The limitations of liability set forth in this Agreement reflect the allocation of risk negotiated and agreed to by the Parties. The Parties would not enter into this Agreement without these limitations on its liability. These limitations will apply notwithstanding any failure of essential purpose of any limited remedy
9. Feedback. Customer will provide reasonable feedback to SSN concerning the features and functionality of the Software. If Customer provides feedback to SSN, all such feedback will be the sole and exclusive property of SSN. Customer hereby irrevocably transfers and assigns to SSN and agrees to irrevocably assign and transfer to SSN all of Customer’s right, title, and interest in and to all feedback including all intellectual property rights therein (collectively, “Intellectual Property Rights”). Customer will not earn or acquire any rights or licenses in the Software or in any SSN Intellectual Property Rights on account of this Agreement or Customer’s performance under this Agreement, even if SSN incorporates any feedback into the Software.
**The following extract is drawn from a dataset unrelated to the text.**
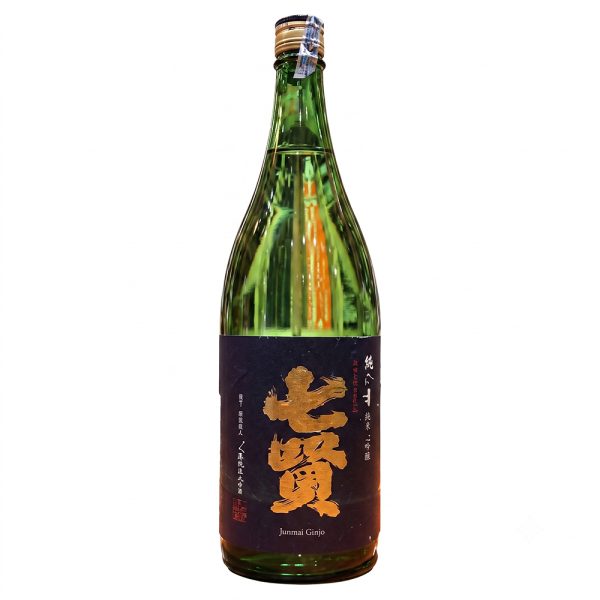 Rượu Sake Shichiken Kinuoaji Junmaidaiginjo 1800ml thuộc nhóm sake nhật bản. Nhãn/nhà sản xuất được ghi nhận: Shichiken. Phân loại/đặc điểm nhận diện: Junmai Daiginjo. Quy cách: dung tích 1800ml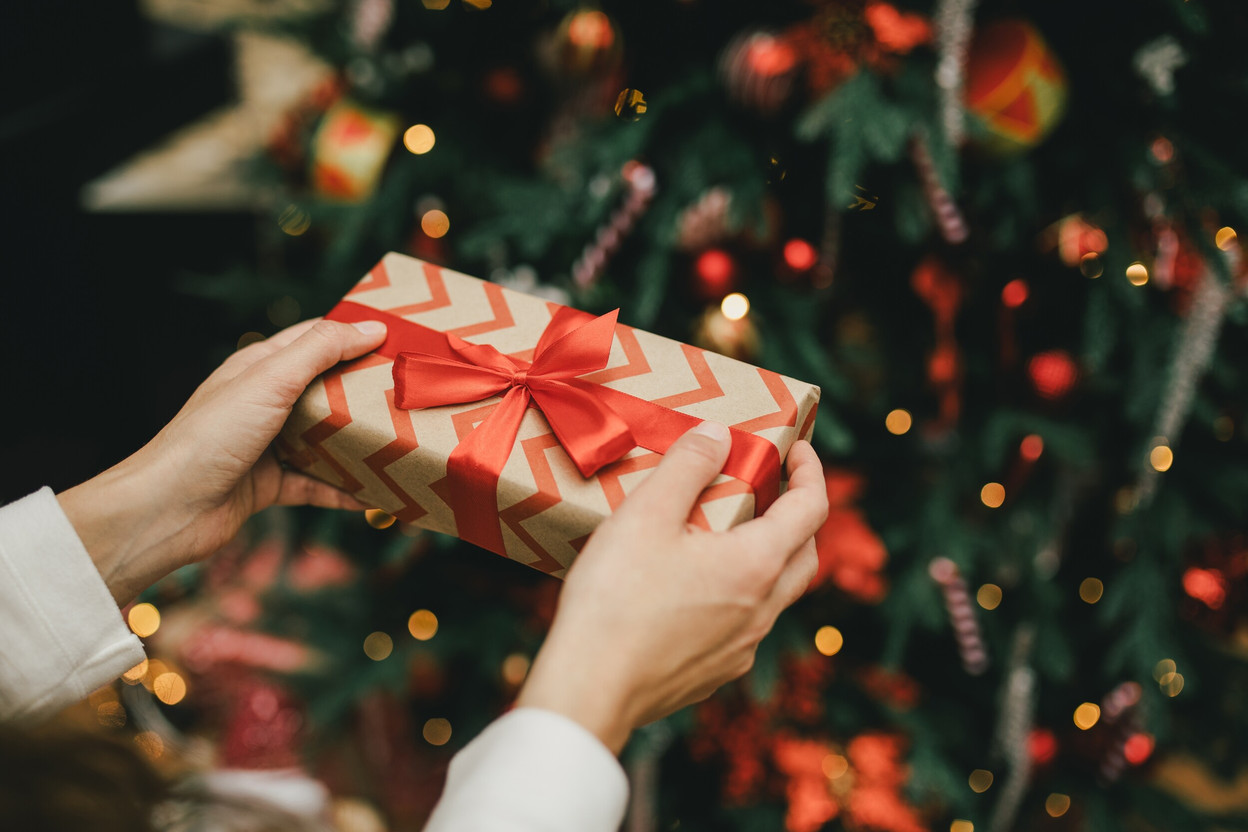 The European Commission aims to persuade 80% of Europeans to adopt its digital wallet by 2030. It is due to be launched on 24 December. The next seven months must be used to iron out any remaining issues and build trust. (Photo: Shutterstock)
10. Audit. SSN may, at any time during the term of this Agreement, upon reasonable written notice and during Customer’s normal business hours, audit Customer’s use of the Software at Customer’s premises, as reasonably necessary to confirm that Customer is using the Software in accordance with the terms and conditions of this Agreement. SSN may use a third-party organization reasonably acceptable to Customer to assist SSN in conducting such an audit. Customer will cooperate with SSN in such audit and will promptly make available to SSN all information and materials reasonably required by SSN to conduct such an audit.
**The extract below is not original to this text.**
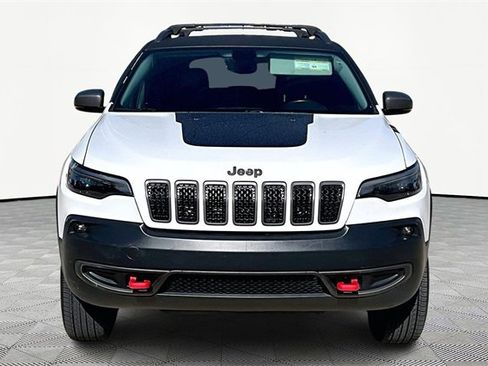 Used 2019 Jeep Cherokee Trailhawk image 3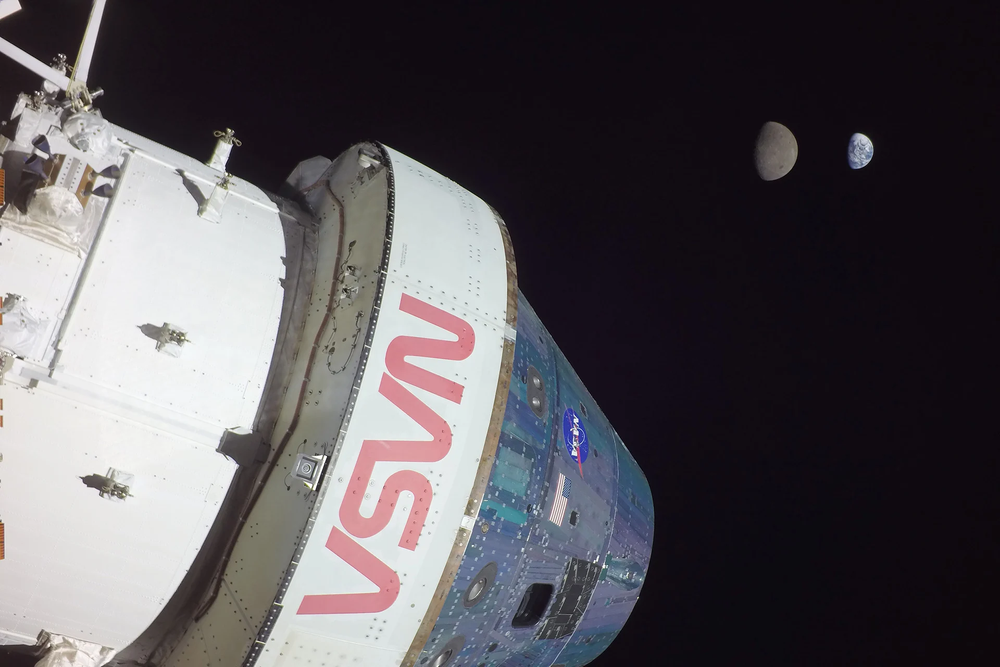 Новое совместное фото Земли и Луны с космоса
11. General. Customer may not assign or otherwise transfer, by operation of law or otherwise, any of its rights under this Agreement without SSN’s prior written consent, and any attempted assignment without such consent will be null and of no effect. This Agreement constitutes the entire agreement between the parties and supersedes any and all prior agreements, communications and understandings with respect to the evaluation of the Software and shall be construed in accordance with the laws of the State of Arizona. The parties expressly agree that the United Nations Convention on Contracts for the International Sale of Goods will not apply. Any legal action or proceeding arising under this Agreement will be brought exclusively in the federal or state courts located in the Northern District of California and the parties hereby irrevocably consent to the personal jurisdiction and venue therein. If any provision of this Agreement is held invalid or unenforceable by a court of competent jurisdiction, such provision will be construed so as to be enforceable to the maximum extent permissible by law, and the remaining provisions of the Agreement will remain in full force and effect. The waiver of any breach or default will not constitute a waiver of any other right hereunder or of any subsequent breach or default. All notices required or permitted under this Agreement will be in writing and delivered in person, by confirmed facsimile transmission or by overnight delivery service and in each instance will be deemed given upon receipt. All communications will be sent to the addresses set forth below or to such other address as may be specified by either party to the other in accordance with this Section.